Disclosure: I have read this answer many times here on SO and I know better than to use regex to parse HTML. This question is just to broaden my knowledge with regex.
Say I have this string:
some text <tag link="fo>o"> other text
I want to match the whole tag but if I use <[^>]+>
it only matches <tag link="fo>
.
How can I make sure that >
inside of quotes can be ignored.
I can trivially write a parser with a while loop to do this, but I want to know how to do it with regex.
Regular Expression:
<[^>]*?(?:(?:('|")[^'"]*?\1)[^>]*?)*>
Online demo:
http://regex101.com/r/yX5xS8
Full Explanation:
I know this regex might be a headache to look at, so here is my explanation:
< # Open HTML tags
[^>]*? # Lazy Negated character class for closing HTML tag
(?: # Open Outside Non-Capture group
(?: # Open Inside Non-Capture group
('|") # Capture group for quotes, backreference group 1
[^'"]*? # Lazy Negated character class for quotes
\1 # Backreference 1
) # Close Inside Non-Capture group
[^>]*? # Lazy Negated character class for closing HTML tag
)* # Close Outside Non-Capture group
> # Close HTML tags
This is a slight improvement on Vasili Syrakis answer. It handles "…"
and '…'
completely separately, and does not use the *?
qualifier.
Regular expression
<[^'">]*(("[^"]*"|'[^']*')[^'">]*)*>
Demo
http://regex101.com/r/jO1oQ1
Explanation
< # start of HTML tag
[^'">]* # any non-single, non-double quote or greater than
( # outer group
( # inner group
"[^"]*" # "..."
| # or
'[^']*' # '...'
) #
[^'">]* # any non-single, non-double quote or greater than
)* # zero or more of outer group
> # end of HTML tag
This version is slightly better than Vasilis's in that single quotes are allowed inside "…"
, and double quotes are allowed inside '…'
, and that a (incorrect) tag like <a href='>
will not be matched.
It is slightly worse than Vasili's solution in that the groups are captured.

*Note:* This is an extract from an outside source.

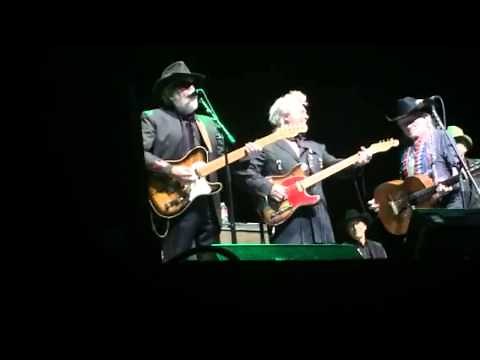 Merle Haggard Willie Nelson Marty Stuart - Okie From Muskogee - Austin Texas 11/11/2014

If you do not want that, replace (
with (?:
, in all places. (Just using (
makes the regex shorter, and a little bit more readable).
(<.+?>[^<]+>)|(<.+?>)
you can make two regexs than put them togather by using '|',
in this case :
(<.+?>[^<]+>) #will match some text <tag link="fo>o"> other text
(<.+?>) #will match some text <tag link="foo"> other text
if the first case match, it will not use second regex, so make sure you put special case in the firstplace.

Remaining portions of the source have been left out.